═══ LISTED ENTRIES ═══

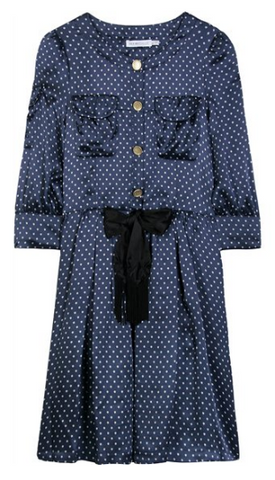 SEE BY CHLOE - Shirt Blouse Dress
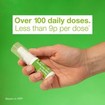 BetterYou D3000 Vitamin D Daily Oral Spray 15ml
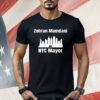Zohran Mamdani for NYC Mayor Shirt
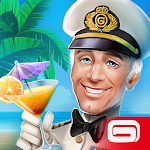 The Love Boat: Puzzle Cruise – Your Match 3 Crush!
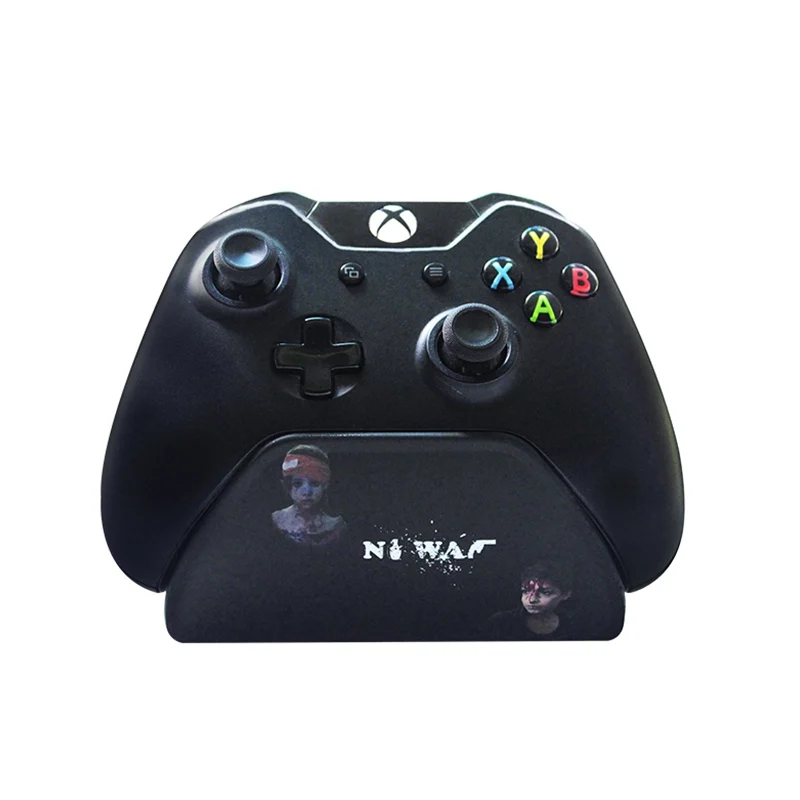 Кронштейн для геймпада беспроводная Bluetooth ручка Microsoft XBOX ONE|Подставки и держатели|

═══

= WORK ITEM =
Pictures don't belong in the copy. Transcribe every record exactly as it appears.

= WRITTEN SOLUTION =
 SEE BY CHLOE - Shirt Blouse Dress
 BetterYou D3000 Vitamin D Daily Oral Spray 15ml
Zohran Mamdani for NYC Mayor Shirt
 The Love Boat: Puzzle Cruise – Your Match 3 Crush!
 Кронштейн для геймпада беспроводная Bluetooth ручка Microsoft XBOX ONE|Подставки и держатели|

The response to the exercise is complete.